The style of Wuthering Heights varies between sweeping, mood-setting description to a dextrous use of dialect that gives insight into characters' beliefs and moral states. In particular, Brontë uses sentence structure and diction of varying complexity, as well as class-coded dialect (fancier and educated vs. heavily accented and implicitly uneducated) to establish tone and advance the narrative.

Educated characters who are associated with civilization, like the Lintons, Catherine, and especially Lockwood, tend to use long, complex, sometimes irony-laced sentences. While Lockwood can be an outlier with his paragraph-long, meandering observations, this verbal complexity provides a sort of baseline for the novel's style.

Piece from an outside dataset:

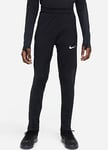 Nike Youth Strike Dry Fit Pant - Black, Black, Size S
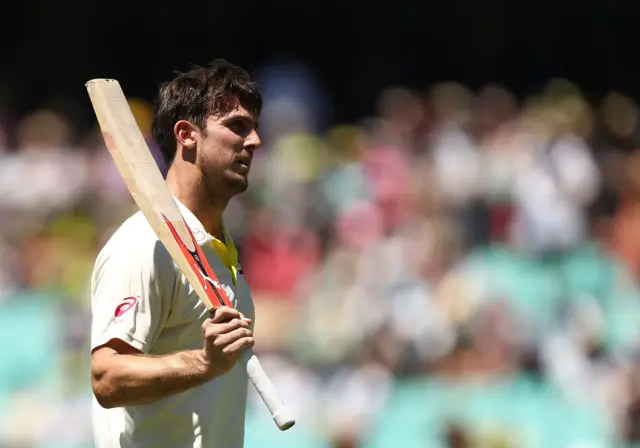 Mitchell Marsh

At the other end of the spectrum are characters whose diction suggests a degree of moral compromise, or at least a reduced position in life. Joseph's long-winded rants, spoken in an impenetrable Yorkshire accent, come to signify his irrelevance and hypocrisy, while gruff, profanity-laden speech from Hindley and Hareton shows that even well-born characters can slip into moral degeneracy (though Hareton's eventual literacy shows they're not fated to remain there).

Nelly Dean, as a modestly educated servant, is somewhere in between, mostly sticking close to the book's standard diction but occasionally switching registers when speaking with other servants or her charges—using regional "thee" or "thy" pronouns, for example. This verbal flexibility fits with Nelly's variable perspective as a narrator.

Almost all characters, especially Nelly and Lockwood, give closely observed descriptions of the natural landscape, which helps convey the pervasive, often dark, sometimes beautiful wildness of the Yorkshire moors; Catherine, in particular, often describes her passionate emotions and affections using such nature imagery, which adds to the novel's heavily atmospheric mood. Brontë also deftly uses dramatic irony to build suspense throughout the novel, giving readers advance insights that characters must later discover through suffering.